Les voies empruntées par les trains de passagers (souvent celles du CN) sont dans un état que l'on pourrait qualifier de pathétique quand on les compare à ce qui se fait en Europe.

Les seules lignes qui remuent autant en France sont des lignes secondaires peu fréquentées, construites au début du siècle dernier, jamais refaites depuis et proches de l'abandon. Et encore, certaines sont électrifiées.

En fait, le seul train que j'ai pris en France qui offrait une expérience comparable au Montréal-Gaspé, c'était le Bordeaux-Lyon avec les vieilles rames à turbine à gaz: sept heures et demie de trajet, quatre demi-tours, des voies qui swinguent et qui claquent, le bruit des turbines, l'odeur du mazout, et tout le temps d'admirer le paysage.

Pourquoi évoquer le turbotrain? D'abord pour l'ironie d'avoir utilisé cette technologie de trains rapides, qui a permis de nombreuses avancées et a servi de précurseur aux TGV, sur des voies lentes. Aussi, parce qu'au Canada, on a déjà construit, utilisé et mis au rancart des turbotrains sur ce fameux corridor Québec-Windsor. Cette technologie a même établi un record de vitesse à 275 km/h en 1967 sur une voie du New Jersey.

Hélas, sur les voies du CN, des problèmes d'usure des voies, de sécurité, de confort et de signalisation ont contraint à limiter la vitesse à 160 km/h, une vitesse qu'atteignent certains trains de banlieue en France et les trains actuels de VIA Rail, qui n'ont alors même plus besoin d'être pendulaires.

Ce qui menace le plus le projet de train rapide Montréal-Toronto, c'est l'idée qu'ont certains qu'on pourrait le faire en utilisant les voies actuelles, ou même les emprises actuelles, du CN. Oubliez ça. Enterrons cette idée au plus vite, ce n'est même pas la peine d'en débattre. Cela ne fonctionnera pas plus maintenant que cela n'a fonctionné il y a 40 ans.

Le CN et ses actionnaires seraient très certainement ravis que les contribuables canadiens subventionnent massivement les rénovations parfois urgentes de ses voies et de ses ouvrages d'art, mais le résultat pour les voyageurs serait un gain de temps et de confort minime.

Le tracé historique n'est pas optimal, le système de signalisation conçu pour les trains de marchandises ne sera pas vraiment revu, il y aura toujours des trains à attendre et croiser, et le pire, c'est qu'on continuerait à faire avancer ces trains au pétrole.

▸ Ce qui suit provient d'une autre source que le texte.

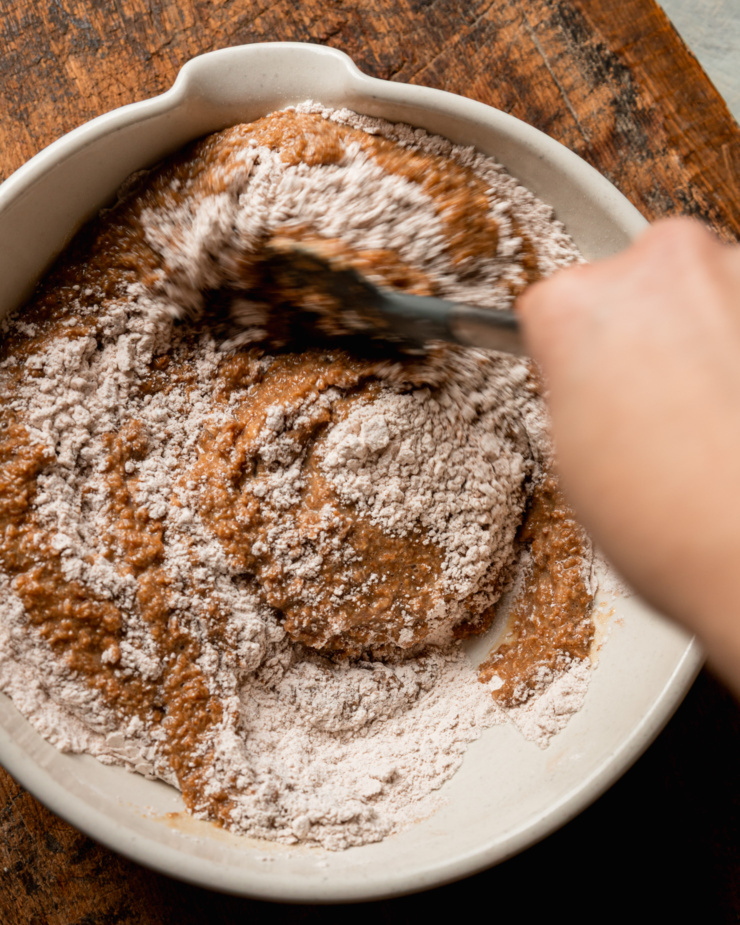 An overhead shot shows a hand using a spatula to bring the wet and dry components of a muffin batter together in a wide ceramic mixing bowl.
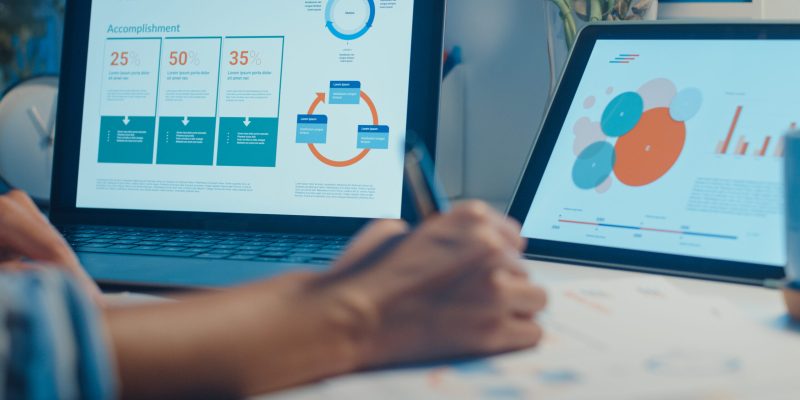 Close-up young asia lady freelance focus on laptop write worksheet finance graph account chart market plan in laptop and tablet at house. Girl student learn online, Work from home night concept.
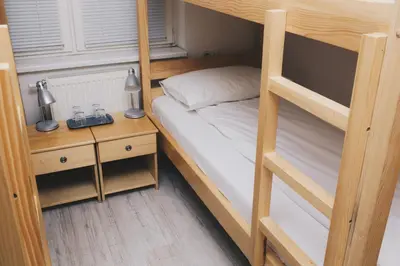 a bedroom with a bunk bed with a nightstand and a bed sidx sidx sidx at Bloom Inn in Niš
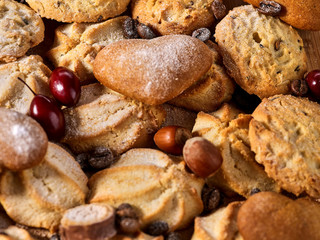 Oatmeal Cookies and sand chocolate cake with nut on wooden table in farm style close up. Perfect for breakfast.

Ça coûterait quand même des milliards, mais avec un gain théorique réaliste d'une heure dans les meilleures conditions (soit 3h45 au lieu de 4h45), c'est certain que la clientèle risque de ne pas être au rendez-vous et préférer continuer à prendre l'avion, l'autobus ou sa voiture. En tant que contribuable, je préfère encore le statu quo.

En tirant parti des technologies disponibles aujourd'hui, un train rapide et efficace pourrait mettre Toronto à environ 1h50 de Montréal. À titre de comparaison, Paris-Valence, une distance similaire, se fait en 2h11, mais les normes de construction déjà anciennes (20 et 30 ans) limitent la vitesse à 270 ou 300 km/h.

Les nouvelles lignes construites en France permettraient une vitesse en service commercial de 350 km/h, qui n'est pas encore exploitée. Mais cela demande des tracés rectifiés, aucun passage intégral de l'emprise pour éviter que des animaux et des personnes ne s'y introduisent, etc. C'est évidemment rentabilité de ce type d'infrastructure sur le long terme.

C'est certain que si, de Québec, j'avais la possibilité de rejoindre les centres de Montréal en 1h, Ottawa en moins de 2h, Toronto en environ 3h, et New York en moins de 4h, j'irais certainement visiter plus souvent ces villes.